How can I go with NDK + SRIO

Naoki Kawada

Guru 19890 points

Hello,

I'm thinking about the way how I can go with NDK + SRIO on c6678.
For example, I'm assuming the use case which SRIO processing is on core0-3, and NDK is on another core, let's say, core4.
Today I tried to work NDK example (helloworld from MCSDK) and SRIO example (SRIO_LoopbackTestProject from PDK package) separately, and they are basically working on EVM...but I had a trouble to work helloworld on core4... it worked only on core0.

If NDK helloworld starts working on core4, I will need to consider the next step - how I can go with NDK + SRIO on c6678 ? I would like to have your ideas for this.

These examples are using common LLD for QMSS and CPPI. So I'm wondering if I might have to marge these examples into a single executable because each core needs to share the HW(QMSS and CPPI) resources correctly.
Should I go with this way ? Or, do you have any good ideas when using a separate executable for each core ?

Regards,
Kawada

over 11 years ago

0 lding over 11 years ago

TI__Guru* 95265 points

Kawada,

I thought from another thread: http://e2e.ti.com/support/embedded/bios/f/355/p/291416/1016785.aspx#1016785 you already made NDK client working on other cores than core 0 on 6670 DSP. The changes to client should help for "hello world" example.

Next step for making SRIO + NDK work together, this seems tougher.

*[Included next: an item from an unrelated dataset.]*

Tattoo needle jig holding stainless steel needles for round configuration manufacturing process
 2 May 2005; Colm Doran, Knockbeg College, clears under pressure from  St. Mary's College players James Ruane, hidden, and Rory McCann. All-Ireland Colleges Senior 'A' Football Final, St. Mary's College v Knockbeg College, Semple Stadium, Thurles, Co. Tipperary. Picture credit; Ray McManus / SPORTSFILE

You can refer to http://e2e.ti.com/support/dsp/c6000_multi-core_dsps/f/639/t/198711.aspx.

Regards, Eric

0 Naoki Kawada over 11 years ago in reply to lding

Guru 19890 points

Hi Eric,

Thank you for your reply.

Well, I decided to run *separate* executables on each core to work with SRIO(core0/1) and NDK (core3) on c6670EVM.

The current status is :
- SRIO : SRIO_loopbackProject is working between core0 and core1 only whey NDK is not running on core3.
- NDK : Client sample is working only when SRIO is not running on core0/1.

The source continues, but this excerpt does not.